Vici squashes my villain narrative by beating DK in two straight matches. No more postgame rendezvous for iceiceice, which is sad because when iceiceice is laying it on we all win. Meanwhile, Vici is quietly steamrolling through the tournament. Just in terms of word-of-mouth, I know less about Vici than any other team. I put away my press badge and find some kids orbiting around a cosplayer who is wearing under garments as outer garments. I ask them what they think of Vici, and everyone starts to chime in, as if I had just walked up to a crowd at Burning Man and asked, “Hey, how do we all feel about hula hoops?”

“They push early and they push hard,” someone says, without considering phrasing. They are dashing. They try and beat teams early. They go for the jugular.

Until this moment I wasn’t aware that I needed a dog in the fight. 

Now a Vici expert, I return to the arena to watch them take on Evil Geniuses, the only American team left in the tournament. I thought the crowd was loud before, but the crowd was just saving it for EG this whole time. Five stoner-ish guys walk on stage and the main cameraman cuts to a fan wearing a bald eagle mask. Until this moment I wasn’t aware that I needed a dog in the fight. I want EG to win and win big and marry my sisters and go on vacation with me to the Caribbean where we can spend their prize money together.

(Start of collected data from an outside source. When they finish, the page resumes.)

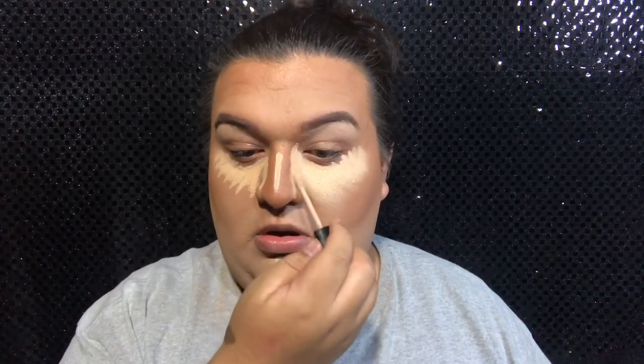Then on top of the Maybelline I will be applying the Wet n Wild. I like the Wet n Wild one because it does have a little bit more coverage, but if I just wear it alone it is a little bit dry on my face, so keep that in mind.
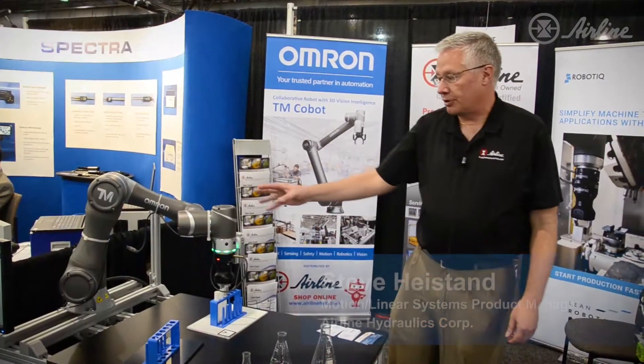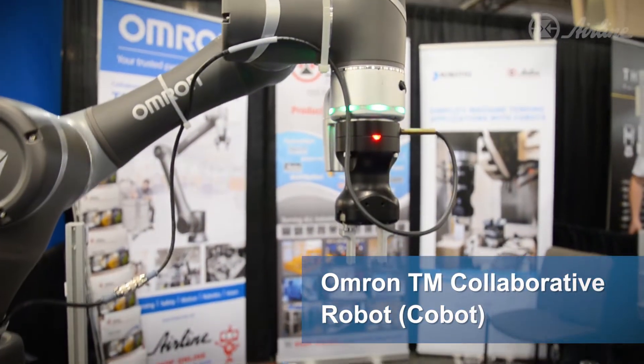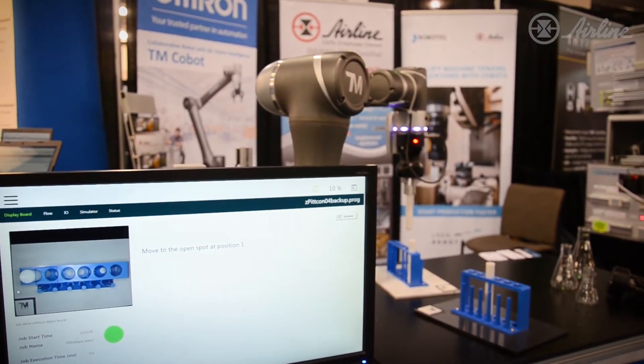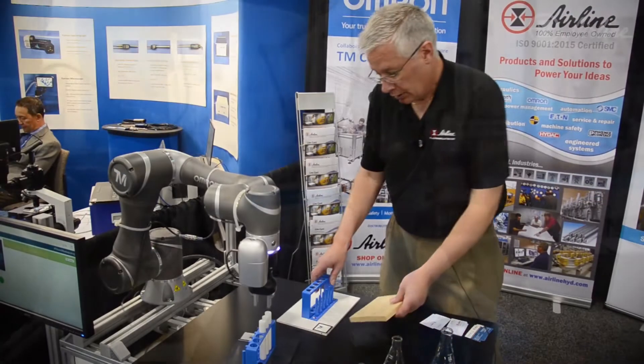Hello, I'm Steve Heaston. I'm the automation product manager responsible for robotics within Airline, and today we're featuring the Omron TM robot. This is a collaborative robot that can also operate in industrial mode. The collaborative robot will work beside a human and do some of the mundane tasks that a human's time could be better spent doing something else.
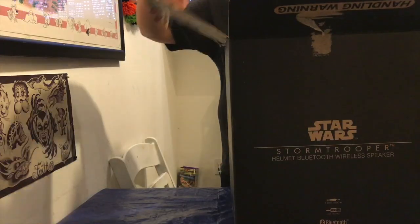What up my dudes, so I'm here for a little unboxing action. I recently went to Disneyland and I picked up a stormtrooper replica helmet Bluetooth speaker — that's a one-to-one ratio, actual size. So let's dive into this bad boy.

Vici squashes my and-they-lived-happily-ever-after narrative by beating EG quickly and without much consequence. The average DOTA 2 match is somewhere between 30 and 40 minutes. Vici took the first and third game in 15 minutes. They pushed and pushed hard. They went for the jugular.

Wandering the streets with the other tragic home country fans, feeling legitimately sad that American wunderkid Arteezy not only lost, but lost quickly enough for the people in line for the bathroom to miss it, I must ask myself: when did I start loving this game?